**Exercise materials**
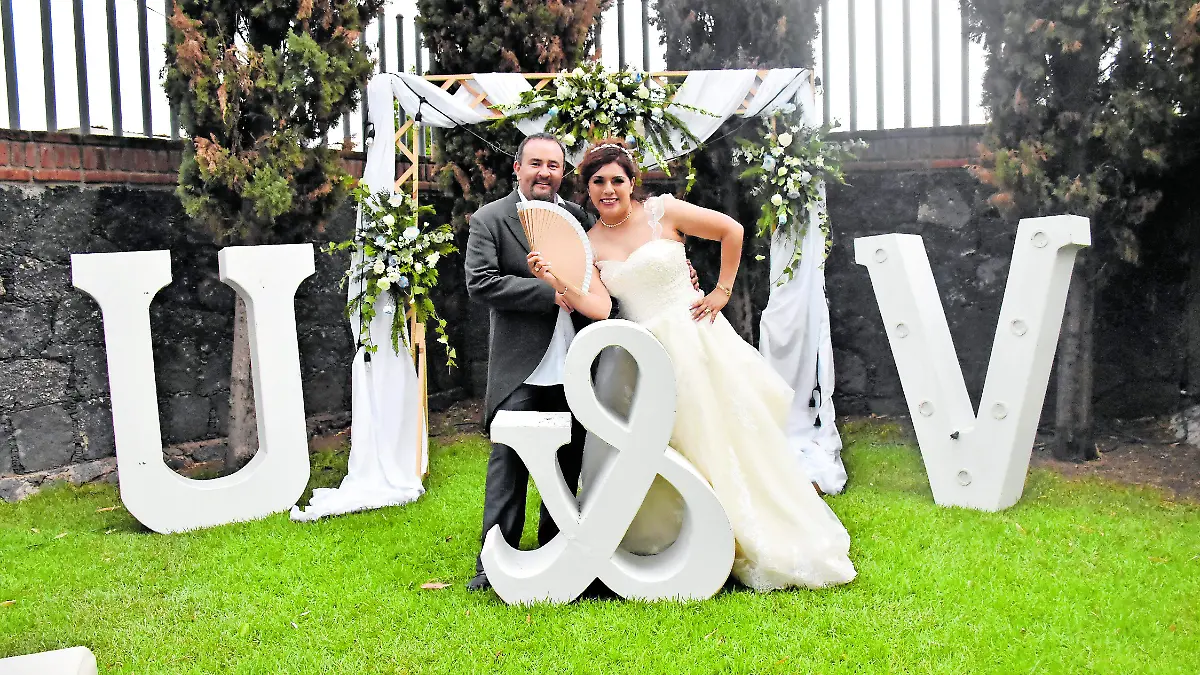 Urbaal-y-Verónica -Se-casan (2)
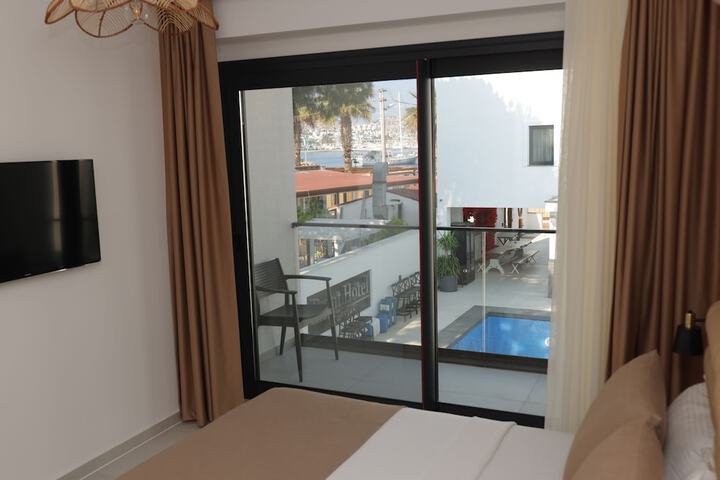 Room 5 of 32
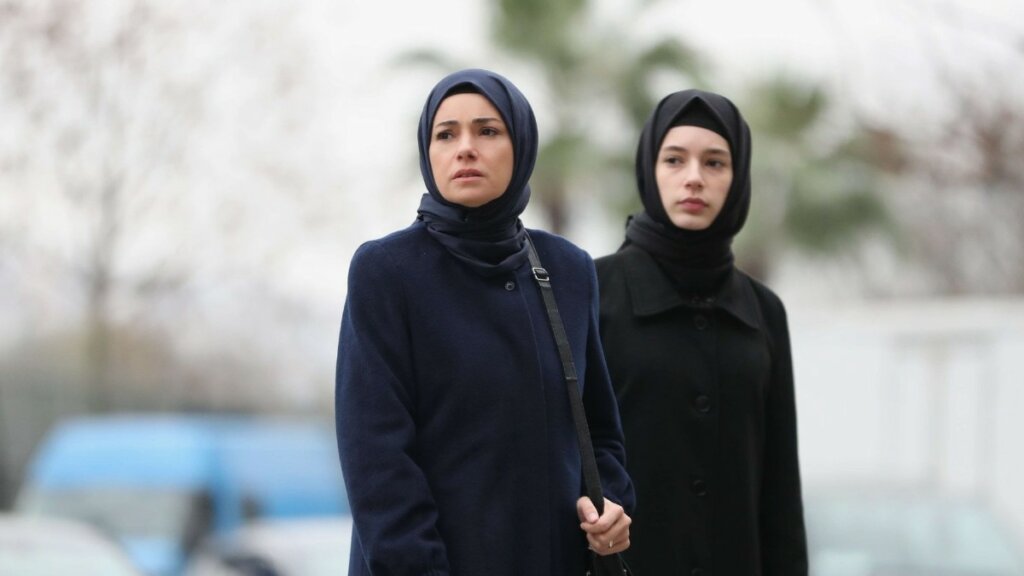 Турецкий сериал «Красные бутоны-2»: когда ждать второй сезон и первые подробности сюжета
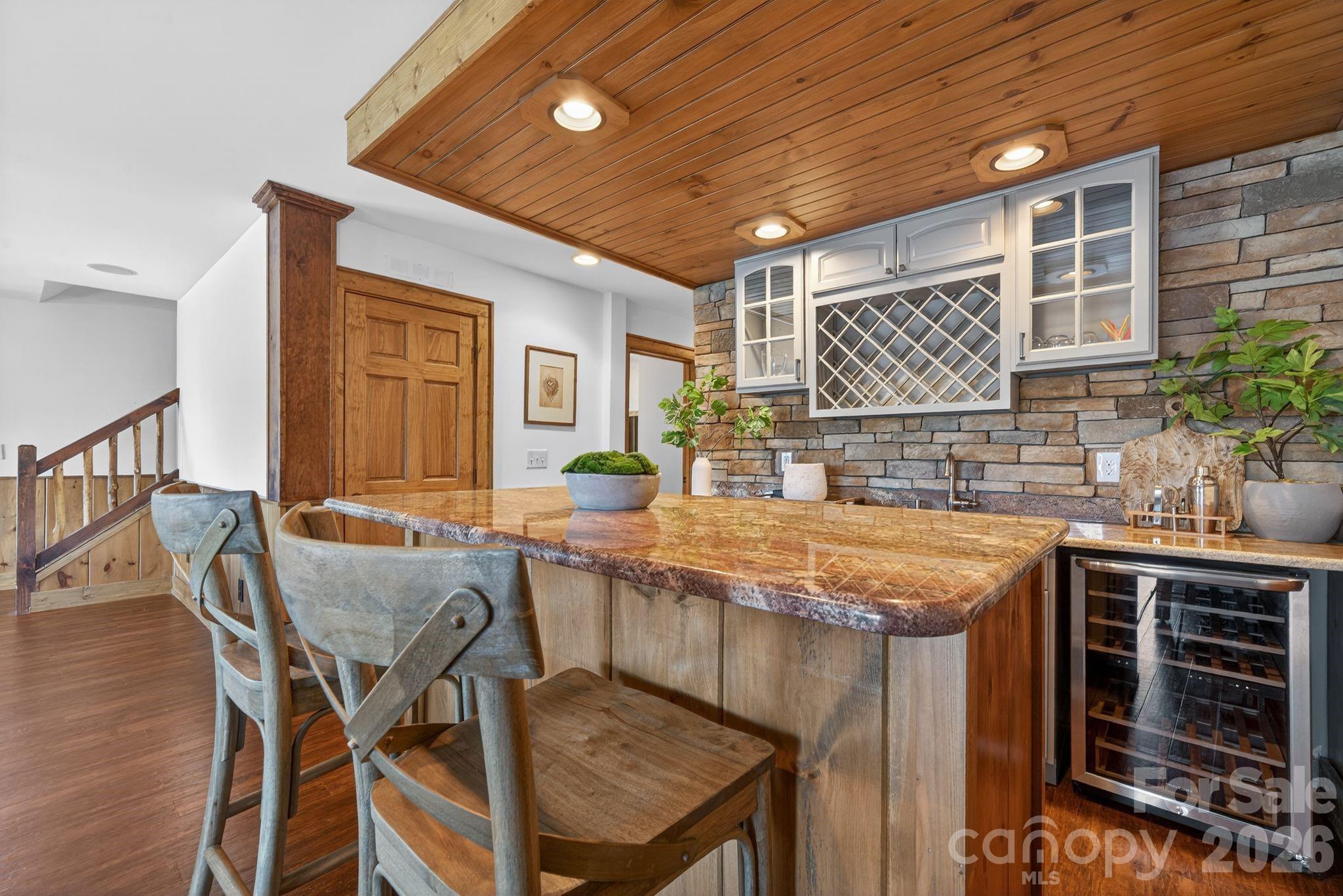 Island Point - Residential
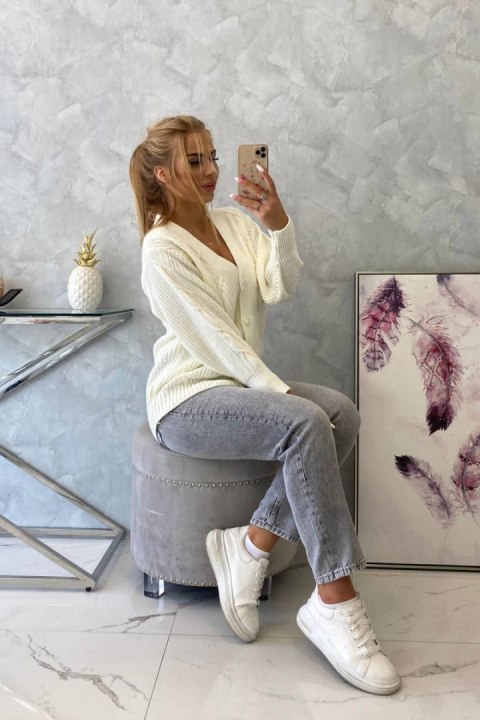 Sweter zapinany na guziki z szerokim rękawem ecru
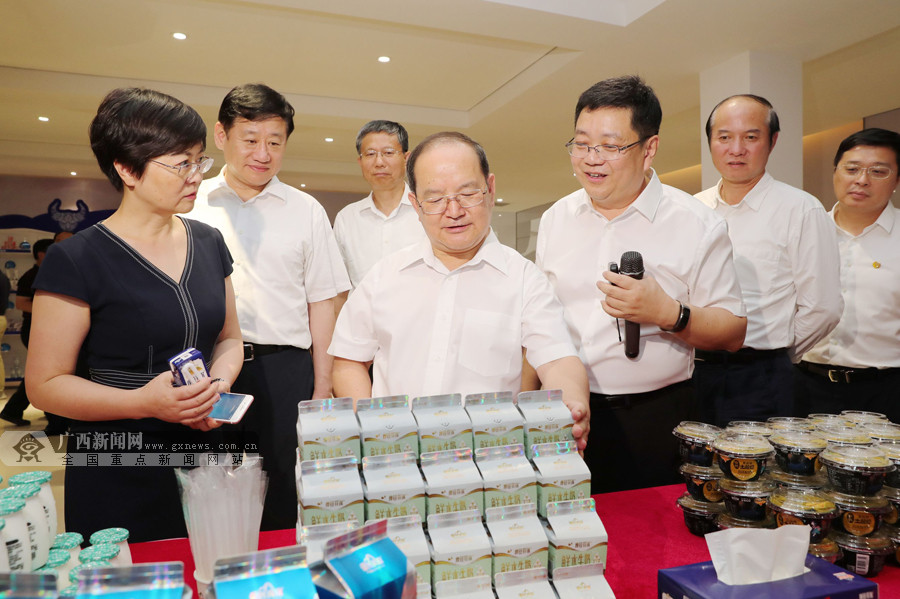 自治區(qū)黨委書記、自治區(qū)人大常委會主任鹿心社率全區(qū)年中工作會議代表蒞臨皇氏集團觀摩考察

**Exercise directions**
From the first line to the last, repeat the records above exactly, leaving out the pictures.

**Problem solution**
 Urbaal-y-Verónica -Se-casan (2)
 Room 5 of 32
 Турецкий сериал «Красные бутоны-2»: когда ждать второй сезон и первые подробности сюжета
 Island Point - Residential
 Sweter zapinany na guziki z szerokim rękawem ecru
 自治區(qū)黨委書記、自治區(qū)人大常委會主任鹿心社率全區(qū)年中工作會議代表蒞臨皇氏集團觀摩考察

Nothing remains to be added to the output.